Tuesday, 29 October 2013

"Sauvons Nos Aigles!"

Imperial Guard Plancenoit 1815

"Let's save our eagles!"

The Imperial Guard withdraw from Plancenoit during the battle of Waterloo crying "Let's save our eagles!" after being overwhelmed by the Prussian attack. The wonderful bust from CGS Military Figures certainly conjures up the thoughts and images of the bravery and ultimate sacrifice of Napoleon's Imperial Guard at Waterloo and this provided easy inspiration for the painting of this bust.

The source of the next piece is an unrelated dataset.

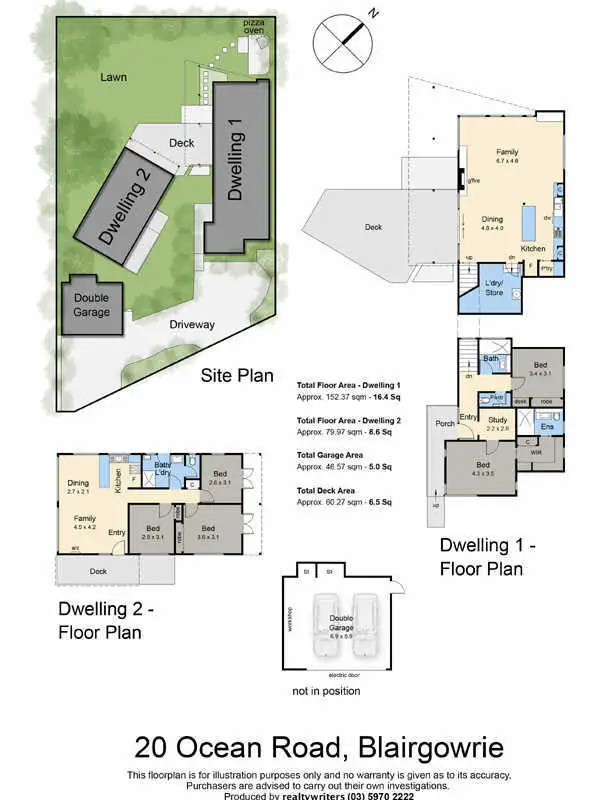 Floorplan of Homely house listing, 20 Ocean Road, Blairgowrie VIC 3942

The Storming of Plancenoit by Ludwig Elsholtz

The Prussians attack Plancenoit by Adolf Northern

My Completed 200mm Imperial Guard Bust by CGS Military Figures (sculpted by Carl Reid)

Sunday, 27 October 2013

Imperial Guard 1815

Further progress

This is getting nearer tothe finish line now. I have painted the eagle using a combination of Vallejo Brass, Rose Gold (powder) mmixed with Vallejo satin varnish and Vallejo Burnt Umber and Black.
I have attached the head and re-worked the blanket roll a little. The next stage will be the weathering of the uniform and flag.

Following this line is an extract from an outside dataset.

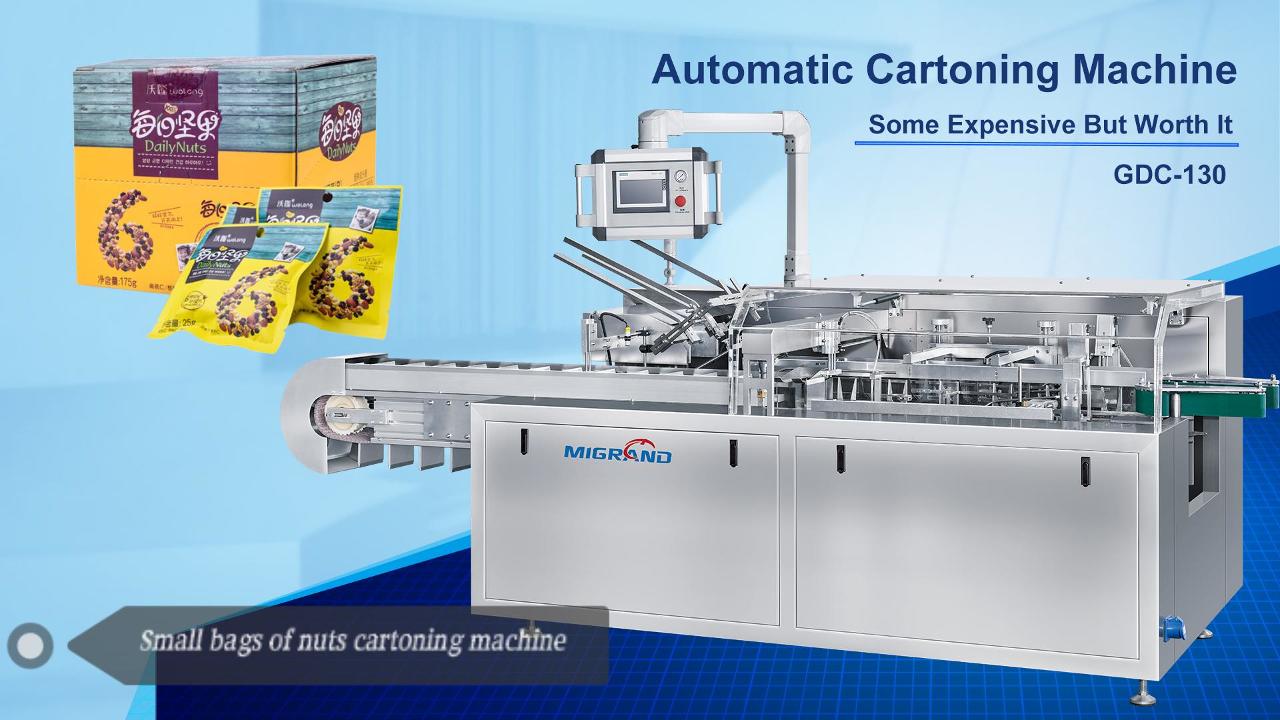 Comment emballer automatiquement plusieurs sachets de thé dans une boîte d'exposition en carton à la machine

Wednesday, 23 October 2013

Imperial Guard 1815

Continuing with the flag and knapsack

Some progress has been made over the last two days with the flag and the knapsack receiving some attention. For the gold colour on the flag detail I have used Vallejo Leather Brown and Yellow Ochre for the base colour, highlighted by adding further Yellow Ochre and then adding White for further highlights.
Knapsack is done using Jo Sonjas Red Earth and Raw Sienna 50/50 mix with Jaune Brilliant added for highlights and Burnt Umber added for shades. The roll at the top is considered (by me) to be a blanket roll and not a Greatcoat, as the Greatcoat is being worn. I prefer this option for a couple of reasons, first it fits in with the seasoned campaigner utilising all available resources and secondly it adds another colour dimension to the piece. I have used a grey base and added a mix of highlights using Raw Umber, Paynes Grey and Raw Sienna with additional hights created by adding Jaune Brilliant to each mix, some more work still to do on this.

Wednesday, 16 October 2013

Imperial Guard 1815

Continuing with the face, Greatcoat and flag

A fair amount of progress since my last post. Face, hair and Bearskin have been taken to near completion using the Jo Sonjas.

Here is the paint mix that I used for the face

The hands were painted next using the same flesh mix

Following on from there the Greatcoat has been rendered using a base of Jo Sonja Paynes Grey with French Blue, Medium Ultramarine and Naples Yellow used to create highlights and Blue Violet and Carbon Black for the shades.

In these pictures it looks a little bright. I do intend to darken it down as I will be going for a dirty and worn look.

In this next shot I have begun to dull it down a little using a wash over the entire (blue) area of Paynes Grey thinned with Vallejo Matt Medium and water mixed 50/50 with just 3 or 4 specks of the Paynes Grey. It's still quite subtle at this stage.
This process will continue when I begin to "dirty up" the uniform and flag using a variety of browns.

Here with more work done to the straps and the white and red areas of the flag.

Thursday, 3 October 2013

Imperial Guard 1815

Face Painting

Having pre-highlighted through the airbrush I have pushed on with the face painting using 9 different flesh tones mixed with Jo Sonjas. Firstly generating 3 tints of mid tone using Norwegian Orange, White, Raw Sienna and Naples Yellow and adjusting by adding more white for the lightest and adding Burnt Sienna for the darker. The same was done for the 3 tints of light tones by working from the darkest and adding more Naples Yellow and White. The 3 tints of Greyed tone was achieved by using the same mid tone mix and adding Raw Umber, Hookers Green and Paines Grey to the mix in varying amounts. Warmer areas were created by adding Alizarin Crimson, Plum Pink and Cadmium Scarlet to the middle mid tone mix.

The pictures are after about 2-2.5 hours work and still require more refining but it's definately taking shape.